◆ **About this task**
Of the lines listed below, return exactly those that run from the line containing "Chancellor Ronnie Green" through the line containing "Bershka scroll bershkaϵ2011LookbookͼƬ", both included.

◆ **Exercise materials**
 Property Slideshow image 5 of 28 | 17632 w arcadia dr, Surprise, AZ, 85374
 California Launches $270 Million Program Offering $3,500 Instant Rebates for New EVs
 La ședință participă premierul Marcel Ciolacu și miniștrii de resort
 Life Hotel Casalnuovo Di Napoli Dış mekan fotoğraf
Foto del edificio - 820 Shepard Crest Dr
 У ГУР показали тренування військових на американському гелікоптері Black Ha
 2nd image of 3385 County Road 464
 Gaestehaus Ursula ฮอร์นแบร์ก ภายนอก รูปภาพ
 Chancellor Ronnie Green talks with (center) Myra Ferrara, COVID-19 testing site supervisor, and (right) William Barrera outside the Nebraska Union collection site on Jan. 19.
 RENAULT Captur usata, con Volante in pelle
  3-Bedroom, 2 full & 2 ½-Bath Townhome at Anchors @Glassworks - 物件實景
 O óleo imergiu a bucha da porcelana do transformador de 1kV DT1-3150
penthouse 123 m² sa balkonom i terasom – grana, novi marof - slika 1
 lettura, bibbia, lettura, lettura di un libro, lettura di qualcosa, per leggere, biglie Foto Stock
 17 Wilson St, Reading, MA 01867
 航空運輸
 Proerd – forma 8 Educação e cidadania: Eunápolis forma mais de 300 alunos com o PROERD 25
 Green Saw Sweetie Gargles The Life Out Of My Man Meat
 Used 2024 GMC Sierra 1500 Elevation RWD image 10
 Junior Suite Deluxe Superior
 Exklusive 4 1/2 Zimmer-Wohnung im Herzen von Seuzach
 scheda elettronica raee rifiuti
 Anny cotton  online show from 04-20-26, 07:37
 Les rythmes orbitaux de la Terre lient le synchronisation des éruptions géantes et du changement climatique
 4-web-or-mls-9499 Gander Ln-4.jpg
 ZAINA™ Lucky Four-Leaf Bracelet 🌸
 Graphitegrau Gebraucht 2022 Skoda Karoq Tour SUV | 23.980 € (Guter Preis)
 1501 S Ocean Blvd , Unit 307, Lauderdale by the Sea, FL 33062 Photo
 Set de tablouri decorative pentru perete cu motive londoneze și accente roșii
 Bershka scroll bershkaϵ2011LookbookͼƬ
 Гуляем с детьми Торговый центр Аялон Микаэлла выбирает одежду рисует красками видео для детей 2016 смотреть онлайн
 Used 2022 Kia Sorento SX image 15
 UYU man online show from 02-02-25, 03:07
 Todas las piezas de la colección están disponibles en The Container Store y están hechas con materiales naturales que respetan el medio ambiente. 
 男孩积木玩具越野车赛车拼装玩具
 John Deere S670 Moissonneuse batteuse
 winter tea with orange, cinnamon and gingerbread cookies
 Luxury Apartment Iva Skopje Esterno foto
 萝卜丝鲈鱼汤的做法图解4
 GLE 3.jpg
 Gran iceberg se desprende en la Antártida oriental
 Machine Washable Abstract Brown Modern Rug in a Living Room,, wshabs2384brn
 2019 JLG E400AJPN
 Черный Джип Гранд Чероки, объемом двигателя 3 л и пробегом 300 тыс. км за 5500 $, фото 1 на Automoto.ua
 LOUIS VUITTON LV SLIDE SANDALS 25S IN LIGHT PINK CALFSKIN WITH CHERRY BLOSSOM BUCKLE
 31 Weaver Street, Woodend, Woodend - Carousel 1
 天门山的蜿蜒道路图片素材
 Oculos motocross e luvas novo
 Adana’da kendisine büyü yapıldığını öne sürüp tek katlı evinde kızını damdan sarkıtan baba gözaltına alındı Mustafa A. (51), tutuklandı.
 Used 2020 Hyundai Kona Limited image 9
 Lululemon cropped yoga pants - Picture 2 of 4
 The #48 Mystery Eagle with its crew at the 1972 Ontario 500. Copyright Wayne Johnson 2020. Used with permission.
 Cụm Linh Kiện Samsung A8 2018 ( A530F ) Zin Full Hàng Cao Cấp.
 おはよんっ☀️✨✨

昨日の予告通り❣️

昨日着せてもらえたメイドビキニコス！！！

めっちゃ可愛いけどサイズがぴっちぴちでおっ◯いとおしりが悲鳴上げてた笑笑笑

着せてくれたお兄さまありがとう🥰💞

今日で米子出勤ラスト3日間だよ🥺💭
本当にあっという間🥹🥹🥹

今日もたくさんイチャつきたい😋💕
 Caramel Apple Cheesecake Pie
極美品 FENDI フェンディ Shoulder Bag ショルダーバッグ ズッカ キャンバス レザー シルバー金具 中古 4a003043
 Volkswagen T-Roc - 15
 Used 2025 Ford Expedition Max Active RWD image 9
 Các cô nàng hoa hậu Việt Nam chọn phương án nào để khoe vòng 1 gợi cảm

◆ **Result**
 Chancellor Ronnie Green talks with (center) Myra Ferrara, COVID-19 testing site supervisor, and (right) William Barrera outside the Nebraska Union collection site on Jan. 19.
 RENAULT Captur usata, con Volante in pelle
  3-Bedroom, 2 full & 2 ½-Bath Townhome at Anchors @Glassworks - 物件實景
 O óleo imergiu a bucha da porcelana do transformador de 1kV DT1-3150
penthouse 123 m² sa balkonom i terasom – grana, novi marof - slika 1
 lettura, bibbia, lettura, lettura di un libro, lettura di qualcosa, per leggere, biglie Foto Stock
 17 Wilson St, Reading, MA 01867
 航空運輸
 Proerd – forma 8 Educação e cidadania: Eunápolis forma mais de 300 alunos com o PROERD 25
 Green Saw Sweetie Gargles The Life Out Of My Man Meat
 Used 2024 GMC Sierra 1500 Elevation RWD image 10
 Junior Suite Deluxe Superior
 Exklusive 4 1/2 Zimmer-Wohnung im Herzen von Seuzach
 scheda elettronica raee rifiuti
 Anny cotton  online show from 04-20-26, 07:37
 Les rythmes orbitaux de la Terre lient le synchronisation des éruptions géantes et du changement climatique
 4-web-or-mls-9499 Gander Ln-4.jpg
 ZAINA™ Lucky Four-Leaf Bracelet 🌸
 Graphitegrau Gebraucht 2022 Skoda Karoq Tour SUV | 23.980 € (Guter Preis)
 1501 S Ocean Blvd , Unit 307, Lauderdale by the Sea, FL 33062 Photo
 Set de tablouri decorative pentru perete cu motive londoneze și accente roșii
 Bershka scroll bershkaϵ2011LookbookͼƬ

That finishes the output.